Convention Deadline Looms For Hyatt Workers

A tentative agreement has been reached between the Hyatt Regency hotel at the Denver Convention Center and unionized employees. The city’s two most prominent dailies were quick to jump on the story as “putting behind months of tension over labor issues” and “potentially ending more than a year of negotiations.”

However, the tentative agreement is just that: tentative and not fully developed. Employees still do not have a full-fledged contract covering workplace issues like wages and benefits, even after the Democratic National Convention Committee named the Hyatt as official convention headquarters on Wednesday. Colorado Confidential has been covering contract negotiations between the Hyatt and labor union UNITE HERE since employees decided to join the union in September 2006.

While it’s true that employees did organize a union in September, it has taken well over a year for workers to obtain a contract, the bread and butter to what a union is, as former Denver Area Labor Federation president Leslie Moody said in a previous story:

“The contract is the core to what a union is. It’s a binding agreement between the workers and their employer that covers everything from wages and promotions and working conditions,” says Leslie Moody, president of the Denver Area Labor Federation (DALF).

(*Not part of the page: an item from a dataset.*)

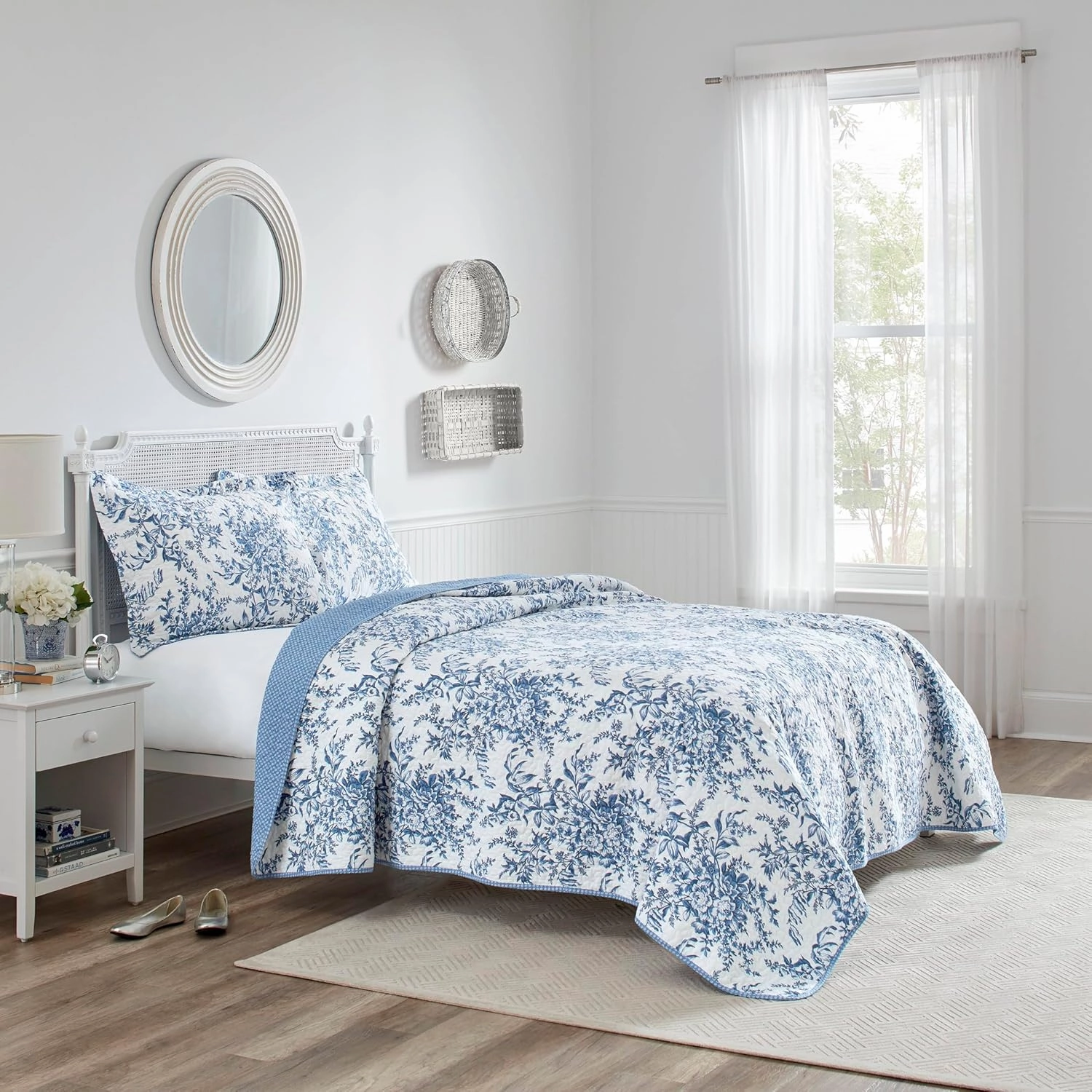 Laura Ashley - King Quilt Set, Reversible Cotton Bedding with Matching Shams, Home Decor for All Seasons (Bedford Delft Blue, King)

Denver City Councilman Chris Nevitt (District 7), who worked in the labor community before serving on the council, sees the tentative agreement as a step in the right direction, but he points out that it is not the same as a contract.

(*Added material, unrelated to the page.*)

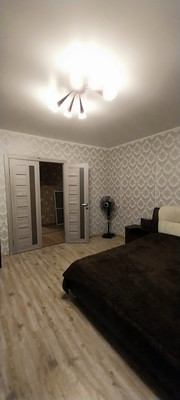 Продам двухкомнатную (2-комн.) квартиру, 250-летия Челябинска ул, 17, Челябинск г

“I’m confident that it will be consummated soon,” Nevitt says, noting that if a contract is not obtained by the convention it’s “going to be a big problem.”

UNITE HERE and the Hyatt did not return requests for further information on the tentative agreement or contract negotiations.

“We understand there’s some additional steps that need to be taken by the city, but we are confident that [Denver Mayor John Hickenlooper] will address the issue in a timely fashion because he understands how urgent it is to resolve this,” says Natalie Wyeth with the Democratic National Convention Committee, who also says that the tentative agreement was “overwhelmingly ratified by union membership last week.”

Before Denver was picked to host the 2008 Democratic Convention, the Hyatt had been touted as the only unionized hotel in the city — a boon to Denver’s bid for the event. The convention will take place from Aug. 25 to 28.

Erin Rosa was born in Spain and raised in Colorado Springs. She is a freelance writer currently living in Denver. Rosa's work has been featured in a variety of news outlets including the Huffington Post, Democracy Now!, and the Rocky Mountain Chronicle, an alternative-weekly in Northern Colorado where she worked as a columnist covering the state legislature. Rosa has received awards from the Society of Professional Journalists for her reporting on lobbying and woman's health issues. She was also tapped with a rare honorable mention award by the Newspaper Guild-CWA's David S. Barr Award in 2008--only the second such honor conferred in its nine-year history--for her investigative series covering the federal government's Supermax prison in the state. Rosa covers the labor community, corrections, immigration and government transparency matters. She can be reached at erosa@www.coloradoindependent.com.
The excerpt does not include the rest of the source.